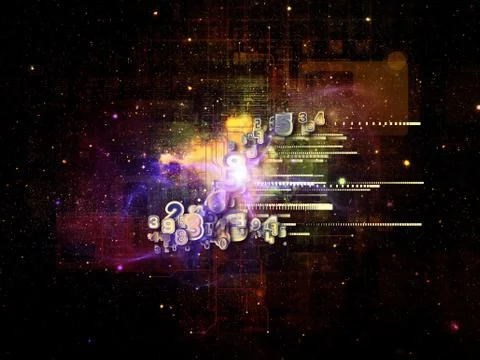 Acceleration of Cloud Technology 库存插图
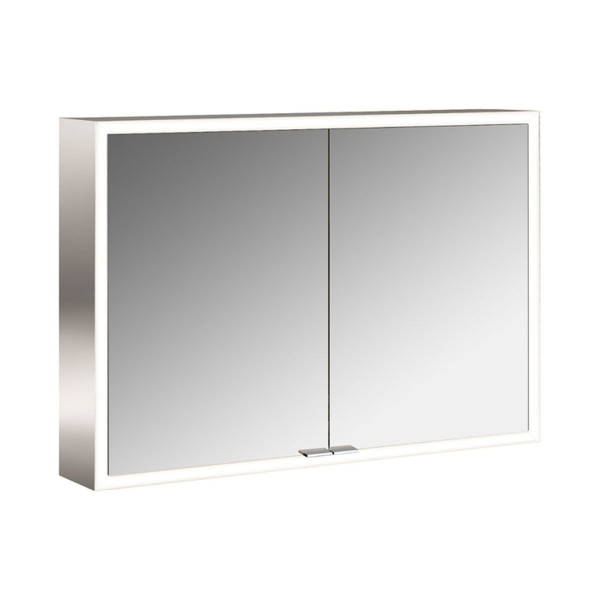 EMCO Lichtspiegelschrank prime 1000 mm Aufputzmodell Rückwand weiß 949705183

* * *

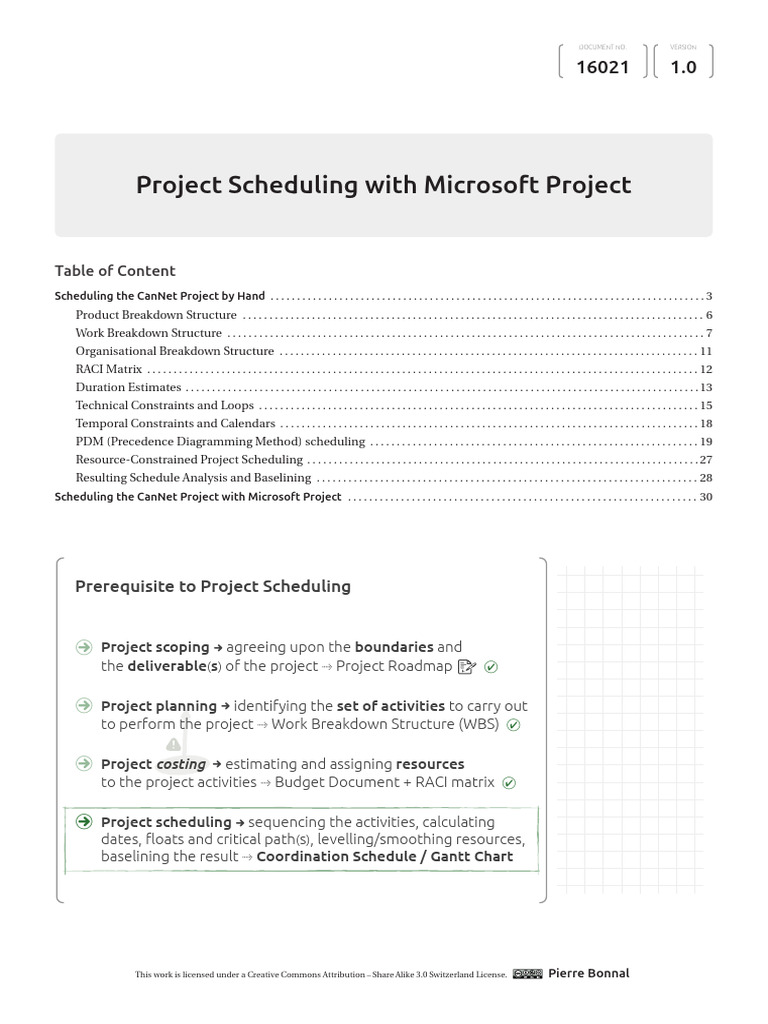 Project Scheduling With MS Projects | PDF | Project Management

**Task requirements**
Take the lines above starting at the one containing "Acceleration of Cloud Technology 库存插图" and ending at the one containing "EMCO Lichtspiegelschrank prime", and print them again exactly, without pictures.

**Result of the exercise**
 Acceleration of Cloud Technology 库存插图
 EMCO Lichtspiegelschrank prime 1000 mm Aufputzmodell Rückwand weiß 949705183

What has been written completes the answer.